Welche Stadt, welche Ansiedlung in den Bergen, welches Dorf unten in den Tälern auch immer im Sommer besucht wird, Urlaubende auferlegen sich die erste Urlaubspflicht, gläubig oder nicht, Kirchen zu besuchen, muß, in einem Café auf dem Platz vor dem Dom in S. beim Anblick der Massenurlaubsprozessionen in den Dom, gedacht werden.

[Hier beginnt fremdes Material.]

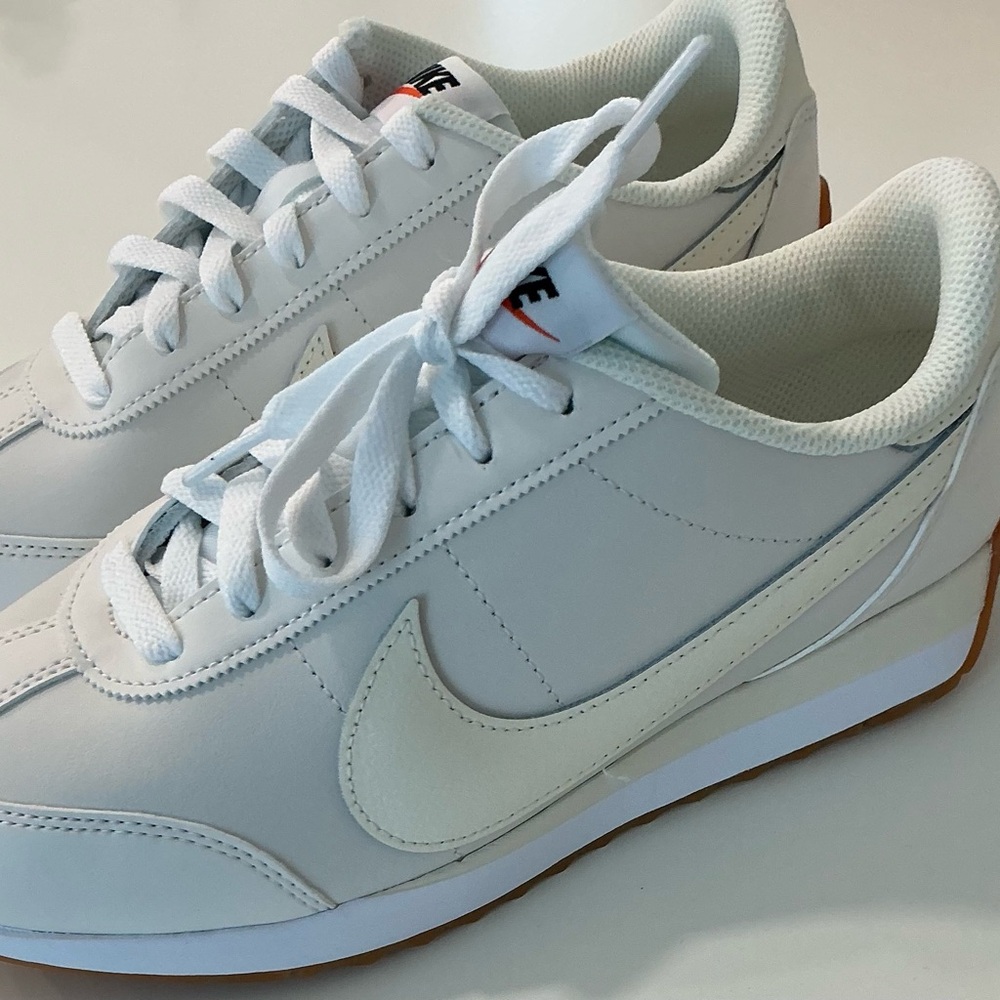NWB Nike Pacific Sneakers Sz 7.5 - Picture 9 of 16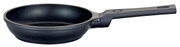 Mini Bratpfanne CLASSIC 18 cm, seitliche Perspektive, schwarzes Design mit ergonomischem Griff.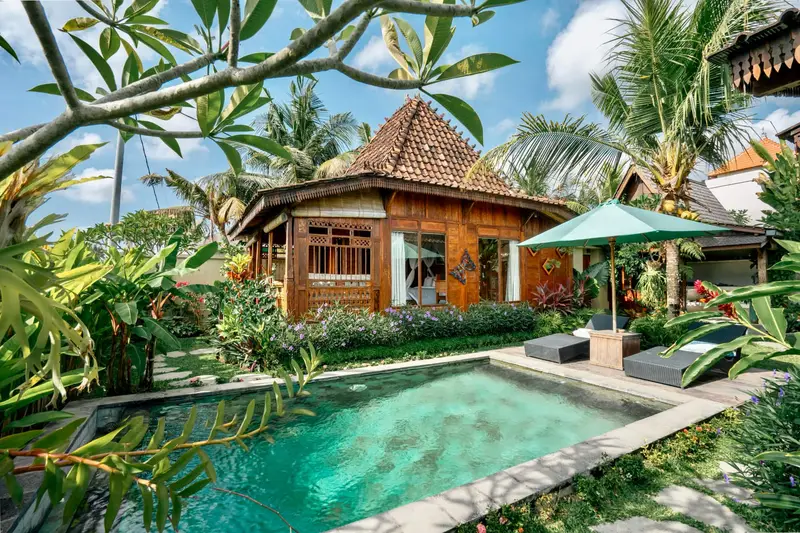 Rumah Richard: first cottage with its pool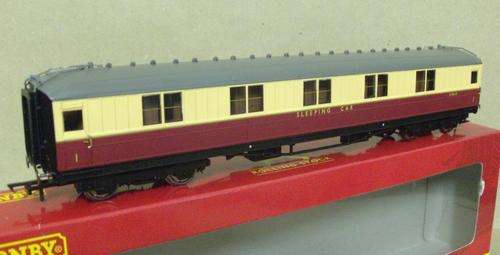 Hornby  00/HO 1 x  BR 61ft 6in Corridor 1st Class Sleeper Coach - Code R4182A NEW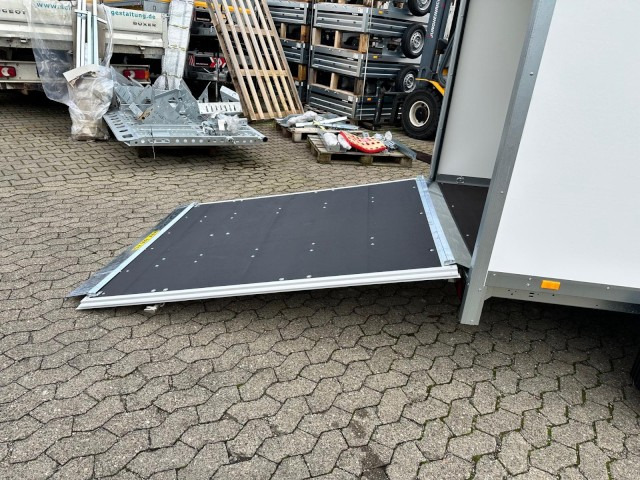 Brenderup Cargo Dynamic CD300TBR2000 Rampe, Kofferanhänger 2,0 to. 300x153x185cm - Przyczepa zamknięte nadwozie: zdjęcie 5 Brenderup Cargo Dynamic CD300TBR2000 Rampe, Kofferanhänger 2,0 to. 300x153x185cm - Przyczepa zamknięte nadwozie: zdjęcie 5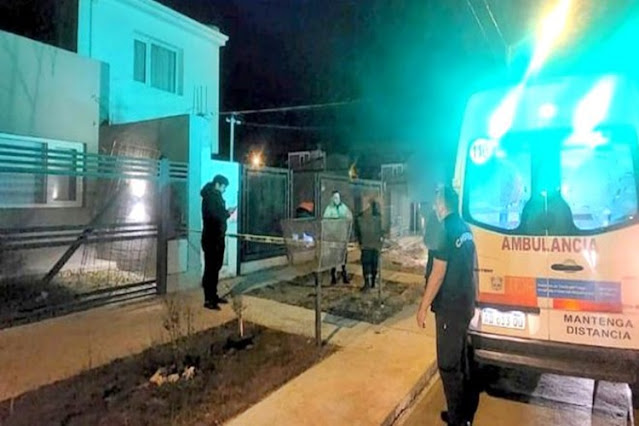 Un hombre muerto a puñaladas y una mujer detenida Un hombre muerto a puñaladas y una mujer detenida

Sie gehen in die Kirchen hinein, nicht um dem Domherrn zu besuchen, zu huldigen, sondern, so ist es massenhaft zu hören, die Kunst in den Domen zu bestaunen, die Kunst in den Kirchen, die unbedingt, so ist es massenhaft zu hören, zu besichtigen ist.
Aber die Kunst in den Kirchen ist die Kunst, von der Eric Arthur Blair schrieb, die Propaganda ist. Allerdings sagte er dies über alle Kunst. Alle Kunst sei, so Blair, Propaganda.
Er hätte es einschränkend formulieren müssen, vielleicht so:
Die Kunst in den Kirchen ist Propaganda, weil alle Kirchen Propaganda sind.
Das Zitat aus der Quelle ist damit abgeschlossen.